I’ve consciously studied my driving habit, and I think I know what’s going on… I’ll start out properly aligned, and all goes well until I have to use the brake pedal. This means moving my foot, resting my heel for as long as the stop lasts, then twisting my foot to reach the gas pedal rather than investing the effort to move my foot again, especially in a stop-start-stop-start scenario like town traffic. Balanced between gas and brake pedals, I rest almost comfortably in this halting anxious place of unhealthy alignment…and stay there until my knee cries out or I become aware of my posture.
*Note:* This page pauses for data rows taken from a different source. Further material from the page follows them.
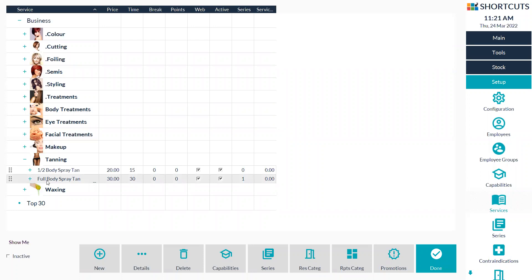For my example today, I'm going to create a full body spray tan series. I'm going to select on my service and then I'm going to press series down the bottom.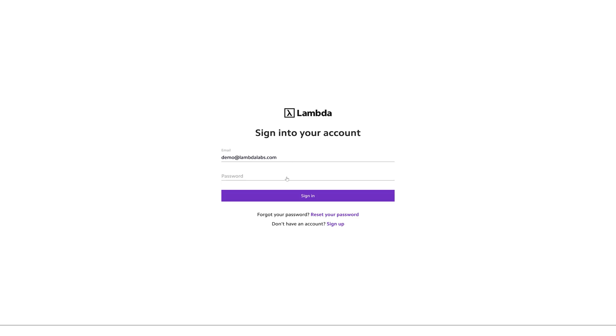Go to cloud.lambdalabs.com, sign into your account, or if you don't already have an account, create a new one.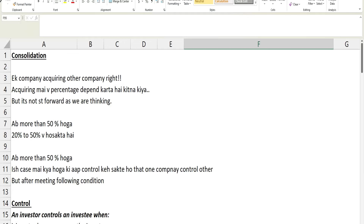Hi everyone, welcome back to my YouTube channel. In this video I am discussing one of the queries that my viewer has — she is facing a challenge while solving a question on consolidation, and this is from the SBR exam. Before discussing the question or going into detail, I want to first discuss the concept, because in SBR it's very important to have a good grip over the standard.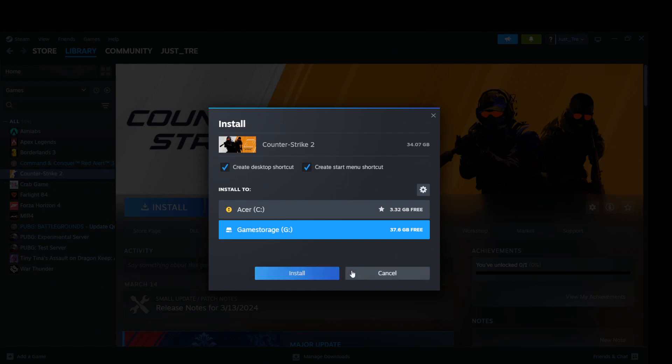Wait for the download to finish and there you go. That is how to download and install Rust on your PC. Thank you for watching.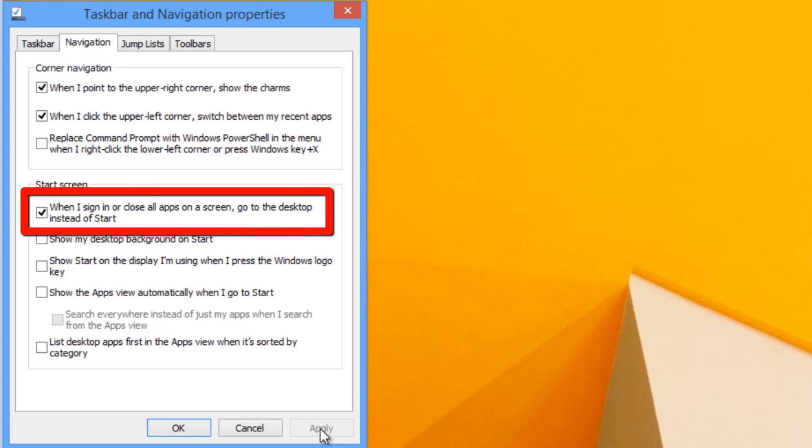With this enabled, the computer will go directly to the desktop when you sign in instead of the Start screen. This is the new Boot to Desktop option.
Every instance of realigning my leg in the past year has reminded me that our thoughts do the same thing. We can start out well, then any occasion to hit the brakes results in drifting back into unhealthy alignment. This is an unconscious habit, one that we aren’t aware of until it’s too late – until setting the parking brake and walking away becomes as awkward and halting as a knee out of kilter. Correcting it requires a deliberate new habit and the grace to realize that it will take a while to become the new normal. It means being diligent to start out from the right position and not-so-lazy about returning to it after each pause, and again whenever it’s discovered that you’re resting in the wrong place and twisting yourself out of joint.
What does this unhealthy alignment of thought look like? For some, it’s a pesky discomfort that a few steps in the right direction will resolve. For others, it’s another instance when a pleasant visit has degenerated, again, into the litany of wrongs suffered. It’s the moments that turn into quarter-hours, hours, and days of wandering the familiar dark woods of misery, often dragging friends and family along, inadvertently ruining otherwise sunny days. You emerge, covered in brambles and thistles and the blood of old wounds freshly scratched open…and wonder how it was that you arrived here yet again. Those who love you can do no more than hold your hand, because every known bandage and antiseptic has already been tried to no avail.
Sometimes, the thoughts that start out as pesky recoverable situations are repeated through the years until they morph into the second, darker, scenario. So, if you’re thinking now’s a good time to stop reading because you’re not that bad off, it may be worth your while to think again.
It’s fairly easy to say that when I notice my driving posture is wrong, I change position to correct it. Admittedly, I’ve caught myself resetting my foot multiple times in a short trip, and wonder if I’ll ever be free of this unhealthy habit. It’s another thing entirely to suggest that I reset the posture of my thoughts, because I’ve logged a lot more thought hours than driving hours, as we all have. Unless we’re paying attention, or have asked faithful friends to pay attention & give us a signal, the unhealthy alignment problem goes unnoticed and therefore uncorrected.
The Apostle Paul has some suggestions, found in his letters to the Romans (12) and Philippians (4). He encourages us to renew, or detox, our minds by presenting ourselves entirely to God, being actively diligent about maintaining humility and fulfilling our roles in various places of service. He calls us to deliberately align our thoughts to those things which are true, honest, just, pure, lovely, of good report, virtuous, and praise-giving.
For those of us with unhealthy alignment issues, it’s all too easy to drift into topics of ugliness, often dragging our friends and loved ones along. Sometimes, all it takes is overhearing a snippet of a news broadcast, or some comment from the person in the next booth at the restaurant. Challenge yourself to notice those moments and deliberately reset. Find something lovely or praiseworthy and lead the conversation away from, or out of, the dark woods of misery. If you can’t find a good bridge to move the conversation, then just pick something random & start a new one.